> _Task prompt_
All lines below starting at the one that holds "Atomic Age Pop Art Hot Pink Cushion (Front)" and ending at the one that holds "Bathroom Vinyl Wall" should be printed exactly, ends included. Pictures should not be printed, nor anything else.

> _Records supplied_
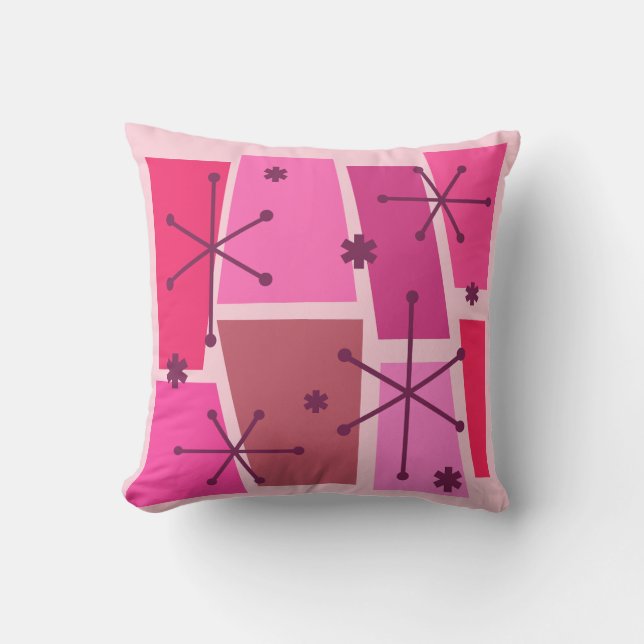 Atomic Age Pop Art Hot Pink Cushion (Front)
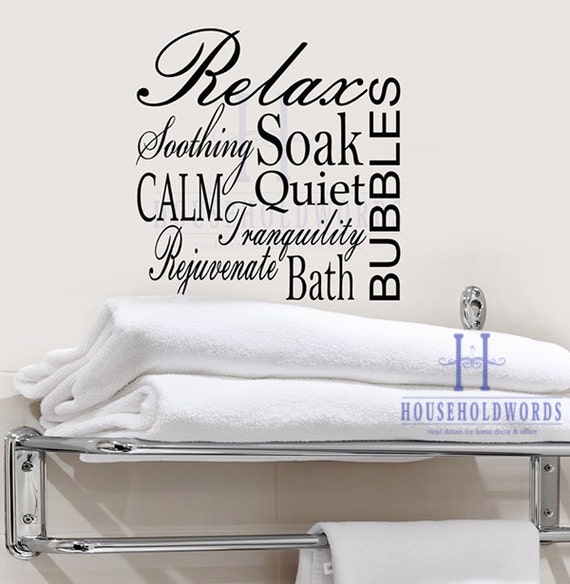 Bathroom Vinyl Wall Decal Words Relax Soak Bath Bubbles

---

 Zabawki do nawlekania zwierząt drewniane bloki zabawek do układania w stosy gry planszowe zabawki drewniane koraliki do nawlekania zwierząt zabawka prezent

> _Answer section_
 Atomic Age Pop Art Hot Pink Cushion (Front)
 Bathroom Vinyl Wall Decal Words Relax Soak Bath Bubbles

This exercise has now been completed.